Majorana edge states have been a focus of condensed matter research for their potential applications in topological quantum computation, which appear in the topological DIII-class superconducting chains protected by both the particle-hole and time reversal symmetries. We utilize two charge-qubit arrays to explicitly simulate one type of DIII-class superconducting chains and the universal quantum operations performed on the Majorana edge states. It is shown that combined with one braiding operation, universal single-qubit operations on a Majorana-based qubit can be implemented by a controllable inductive coupling between two charge qubits at the ends of the arrays.
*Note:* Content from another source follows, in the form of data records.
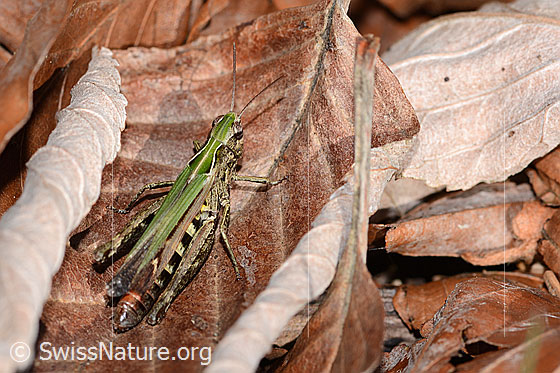 Photo: Probably Chorthippus brunneus. Length 23mm. Female. View from diagonally above.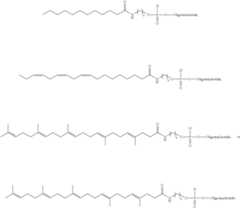 Figure US11596646-20230307-C00111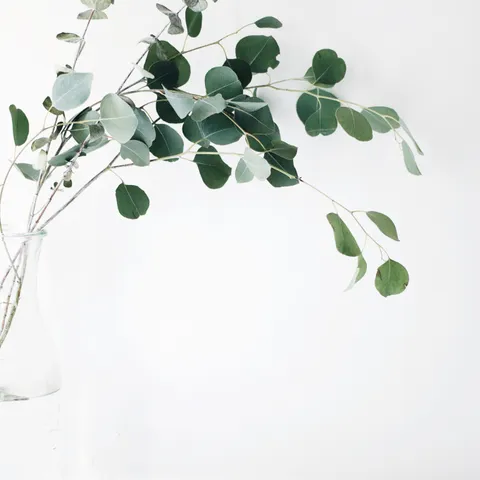 Clean Beauty - Who to Blame & What to Do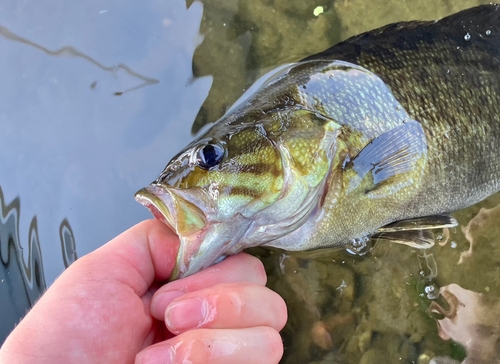 スモールマウスバスの釣果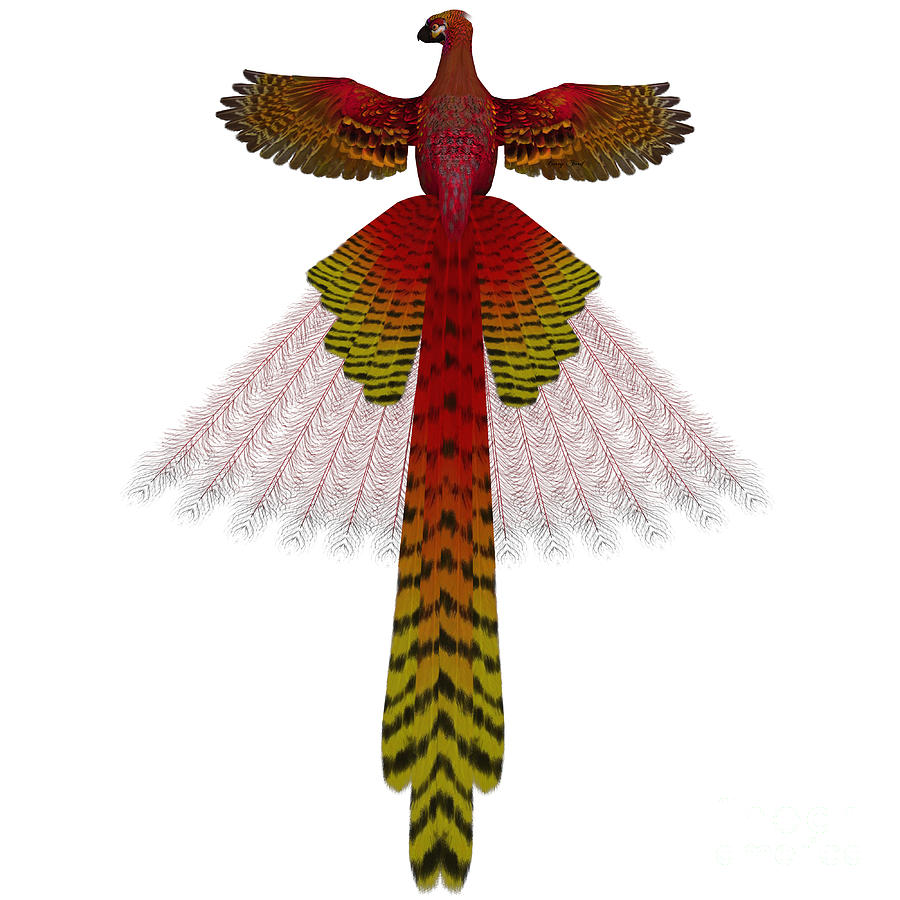 Phoenix Firebird Painting by Corey Ford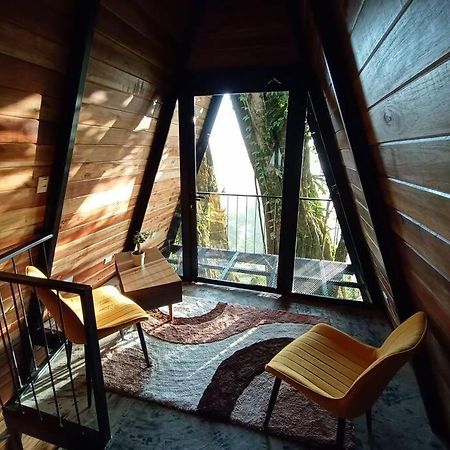 Casa Del Arbol Villa Monteverde Ngoại thất bức ảnh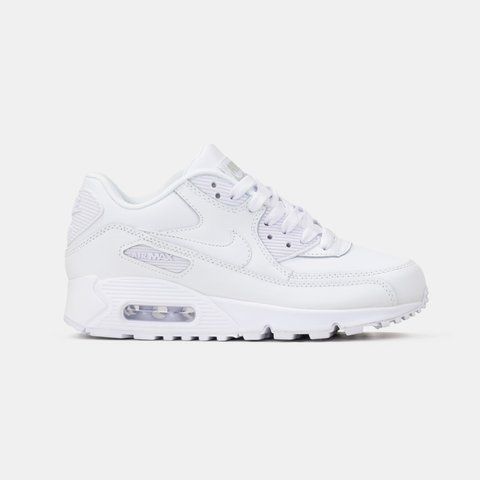 Air Max 90 White (сітка) #art1084-539495 фото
It is further shown that in a similar way, a controlled-NOT gate for two topological qubits can be simulated in four charge-qubit arrays. Although the current scheme may not truly realize topological quantum operations, we elaborate that the operations in charge-qubit arrays are indeed robust against certain local perturbations.

Weyl semimetals possess nontrivial Fermi surface topology in that the pair of Weyl points with opposite topological charges is separated from each other in momentum space. The physical manifestations of this Fermi surface topology are protected surface states and exotic transport phenomena including the anomalous Hall effect as well as the chiral magnetic effect. By studying the path integral measure under the chiral transformation, it is shown that these transport phenomena can be described by the chiral anomaly which appears when the chiral Weyl fermion couples to the topologically nontrivial gauge field. The case of the gauge anomaly for the Weyl fermion coupled to a non-Abelian gauge field is also discussed.